A few years later, Novati left Facebook (now Meta) to join the platform Nextdoor as its second iOS engineer hire. The millennial helped build it from the ground up before founding her own firm, Formation, in 2019. The job placement company offers various subscription packages and programs to help engineers secure work or increase their earning potential. For a fee, job seekers can get access to resume reviews, negotiation coaching, mentoring, mock interviews, exam drills and more.

Within just five years, Formation had raised over $8.5 million in funding and was working with the likes of Netflix, Google, Twitch, Dropbox, Adobe to place thousands of workers into roles.

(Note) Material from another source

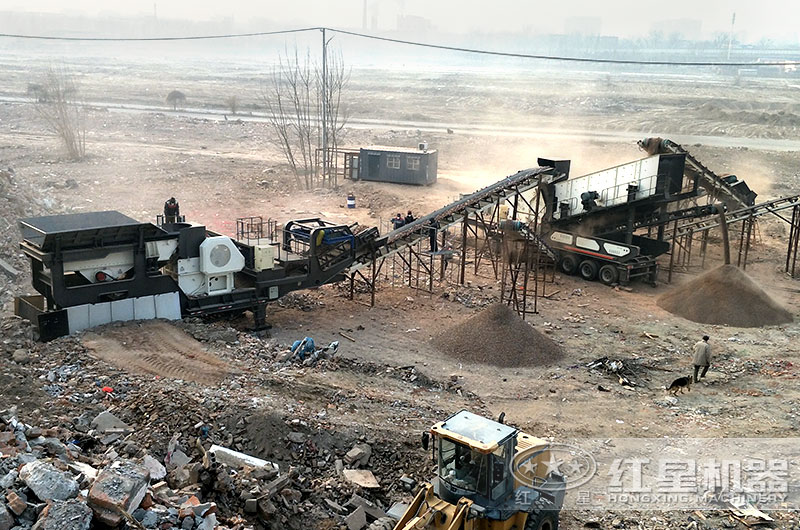 HX粗破輪胎系列移動破碎站現場 HX粗破輪胎系列移動破碎站現場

And, Novati says, Formation’s success today is partly due to a late-night chess lesson from her former boss, Mark Zuckerberg.

Mark Zuckerberg’s late-night advice over chess

It was 2 a.m. one night in 2011 when Zuckerberg was “hanging out with all the interns,” including playing a couple of chess matches with Novati (who claims she won).

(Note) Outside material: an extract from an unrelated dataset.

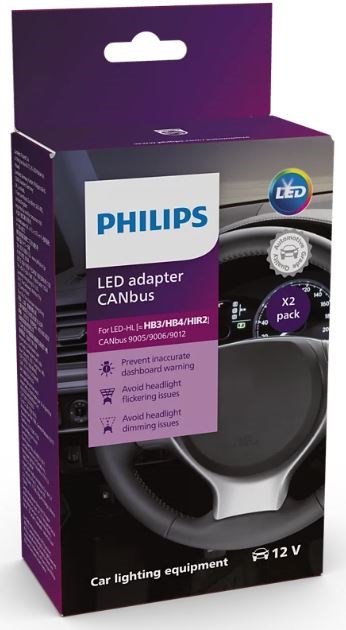 Αντιστάσεις Canbus για LED Philips HB3/HB4/HIR2 Κωδικός 18956X2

“That was the vibe of the company at the time,” Novati says, adding it was the first time she was able to ask him the million-dollar question: How’s the social network going to make any money?

“Facebook was growing users at a pace that no one’s seen before,” she adds. “But it couldn’t make any money.”

Of course, today, Facebook—or Meta—is a $1.55 trillion social media giant with Instagram and WhatsApp under its wing. However, up until 2012, the year Facebook went public, its mobile app didn’t actually make money.

It didn’t feature ads and the move to incorporate them was considered risky.

In the end, the company was able to turn likes and shares into profit, by turning its users into the product.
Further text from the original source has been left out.